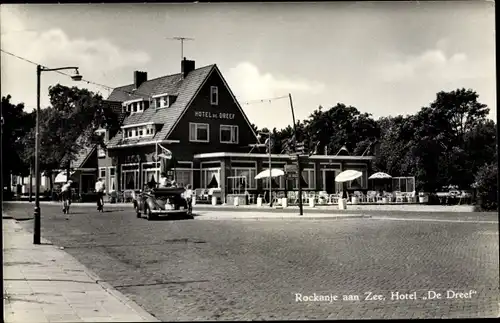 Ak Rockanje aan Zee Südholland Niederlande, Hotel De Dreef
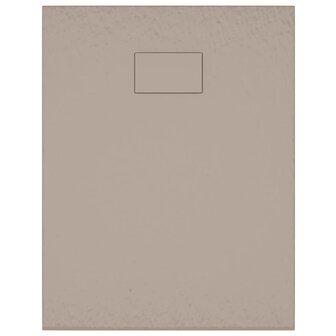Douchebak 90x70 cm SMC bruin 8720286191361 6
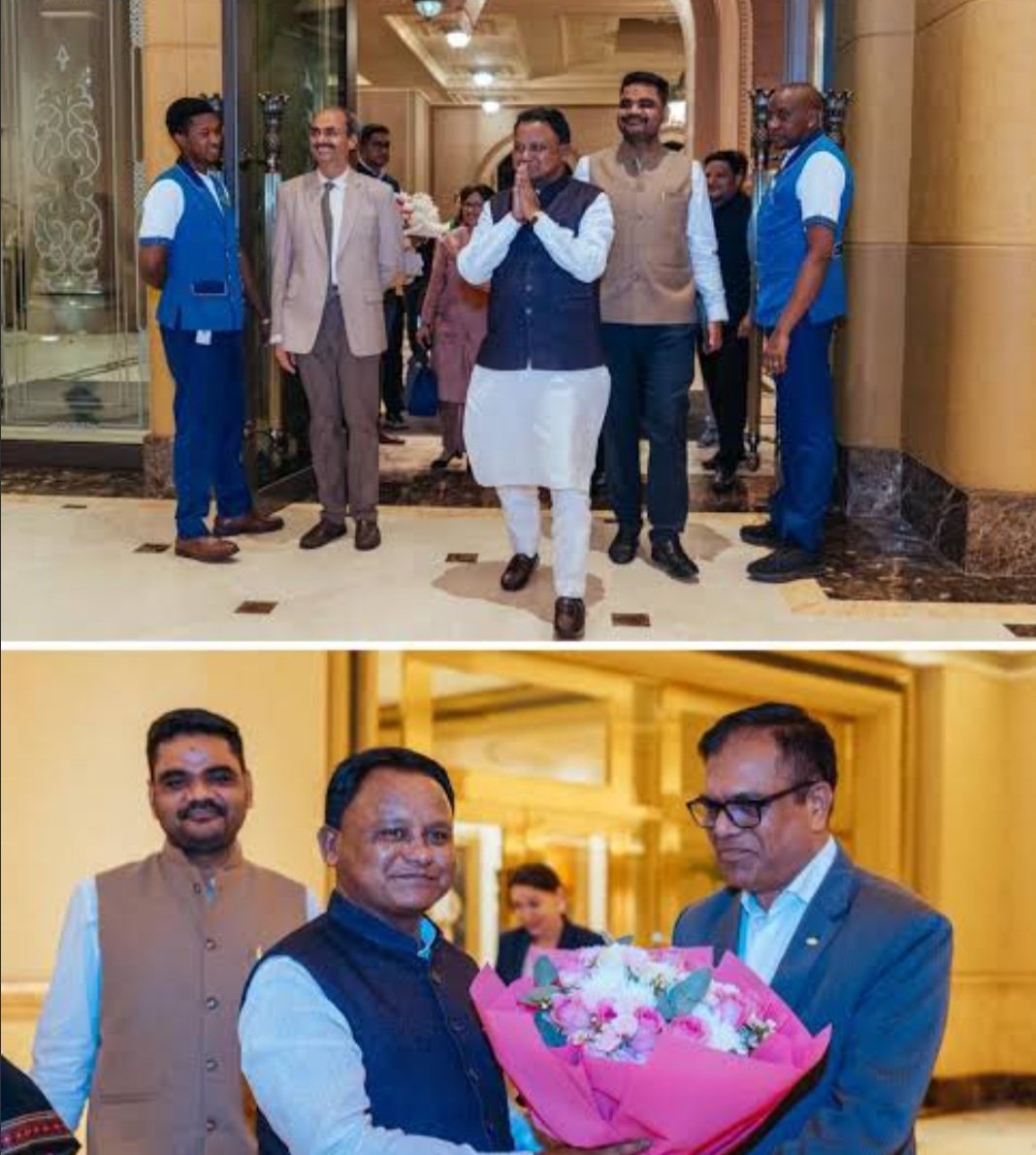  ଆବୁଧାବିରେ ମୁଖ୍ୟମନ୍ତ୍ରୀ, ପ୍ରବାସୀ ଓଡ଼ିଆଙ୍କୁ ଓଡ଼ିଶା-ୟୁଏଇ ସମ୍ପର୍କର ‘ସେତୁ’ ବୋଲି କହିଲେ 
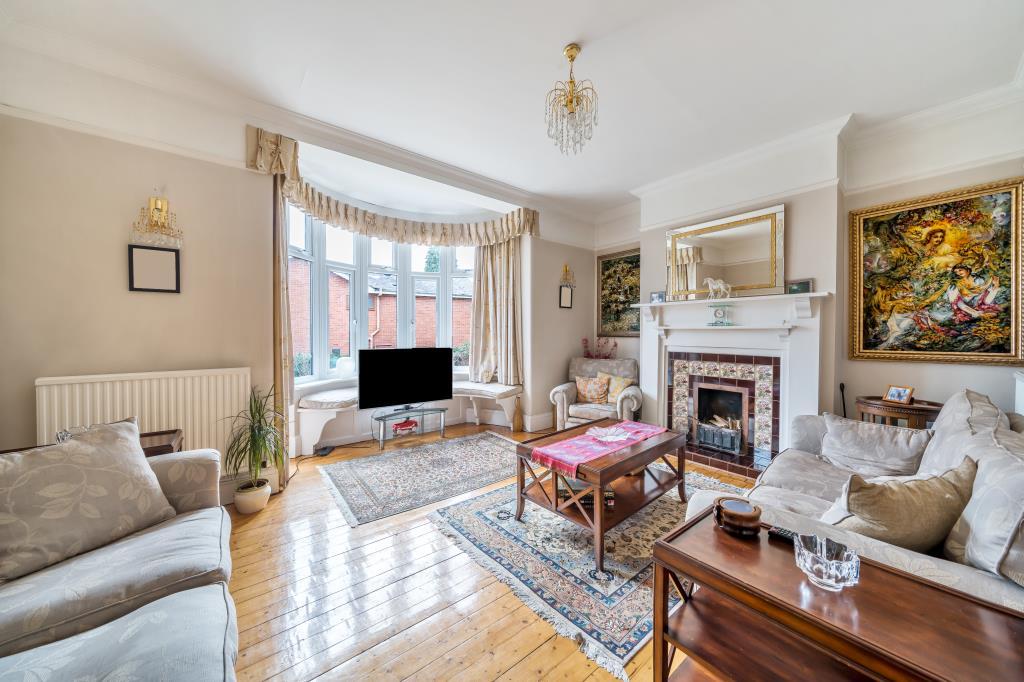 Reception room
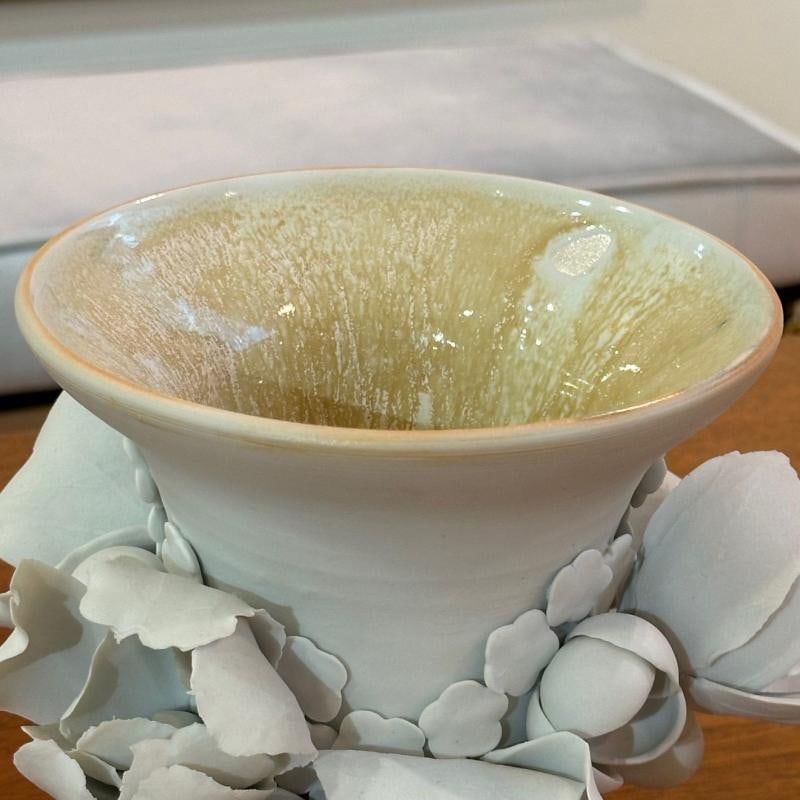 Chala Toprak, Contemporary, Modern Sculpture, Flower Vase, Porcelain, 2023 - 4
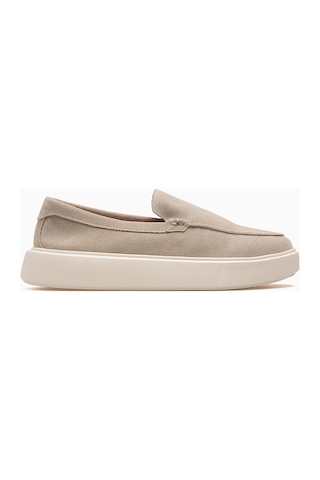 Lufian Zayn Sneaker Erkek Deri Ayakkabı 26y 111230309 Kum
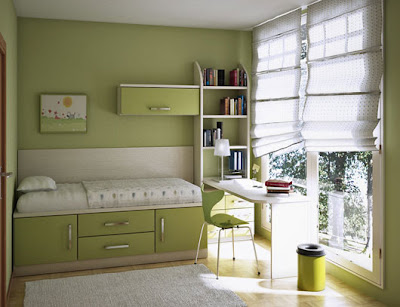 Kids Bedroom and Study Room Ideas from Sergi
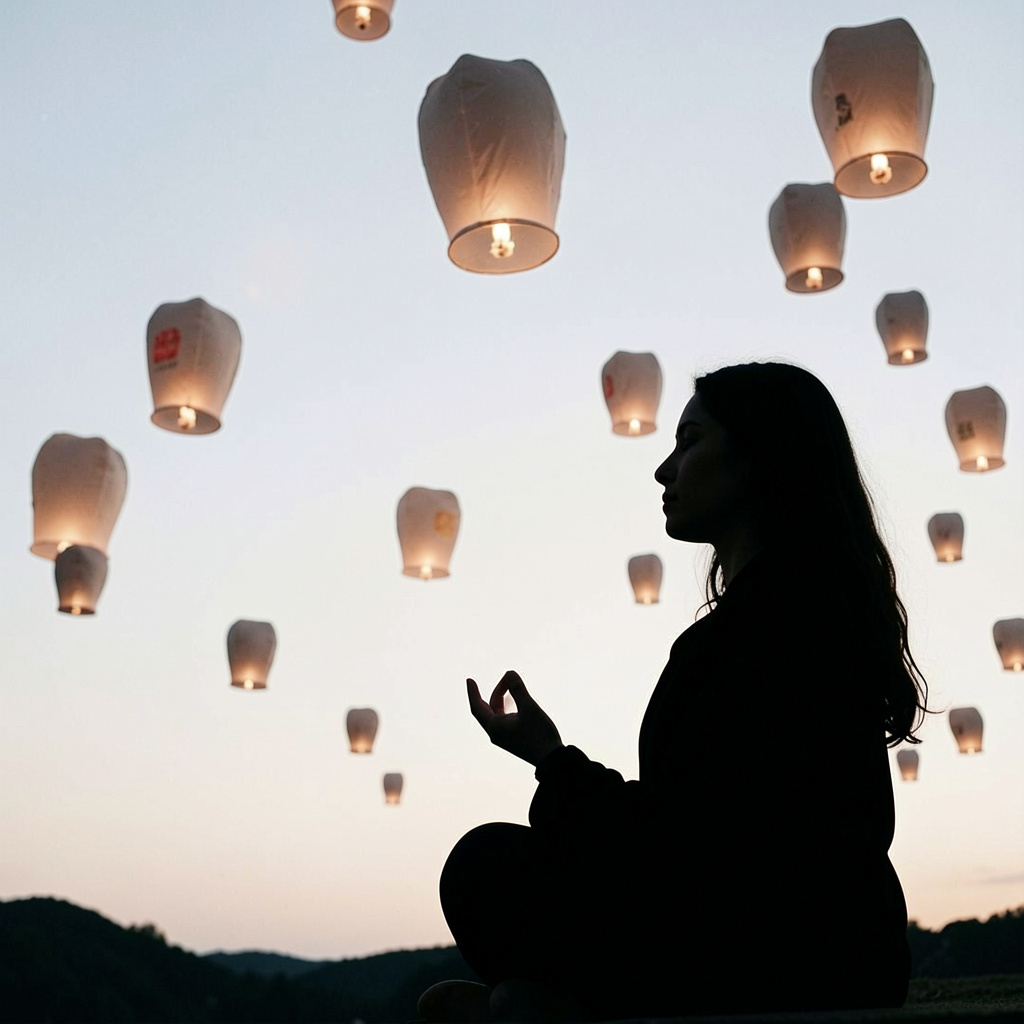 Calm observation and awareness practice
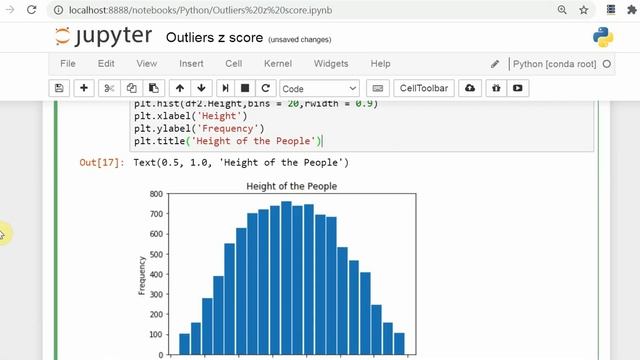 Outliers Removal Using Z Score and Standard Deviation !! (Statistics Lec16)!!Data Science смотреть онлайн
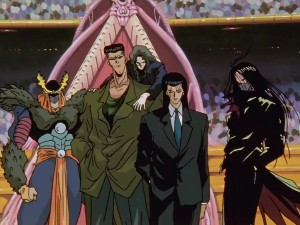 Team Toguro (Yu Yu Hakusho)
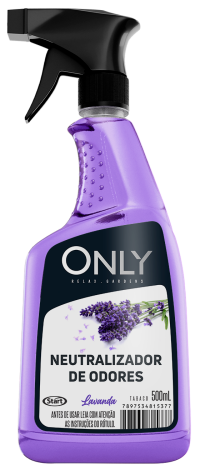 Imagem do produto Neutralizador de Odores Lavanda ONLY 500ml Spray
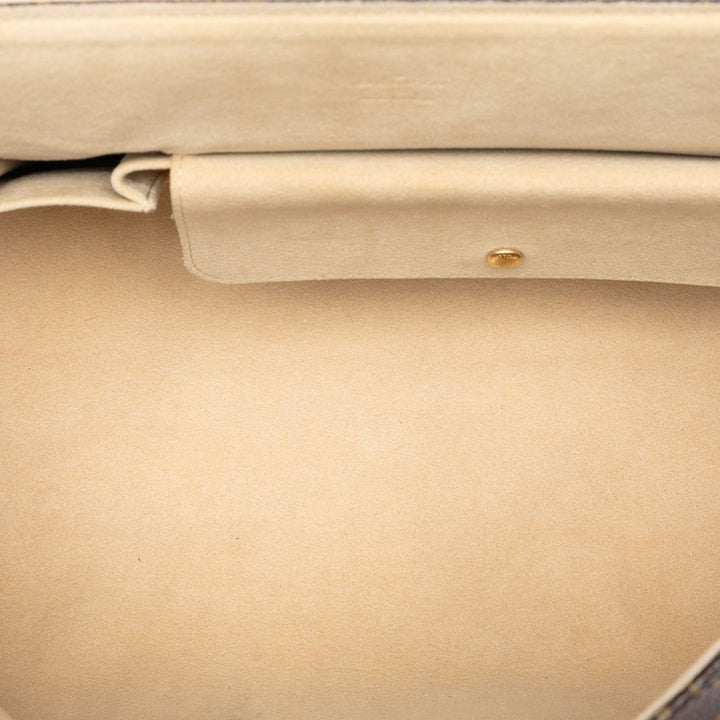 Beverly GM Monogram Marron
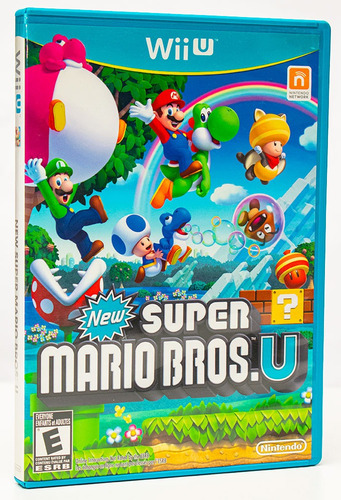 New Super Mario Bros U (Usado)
────────
| Brief |
All lines from the line with "Team Toguro (Yu Yu Hakusho)" through the final line of the listing are to be printed exactly, both ends included; the pictures are not.

| Written response |
 Team Toguro (Yu Yu Hakusho)
 Imagem do produto Neutralizador de Odores Lavanda ONLY 500ml Spray
 Beverly GM Monogram Marron
 New Super Mario Bros U (Usado)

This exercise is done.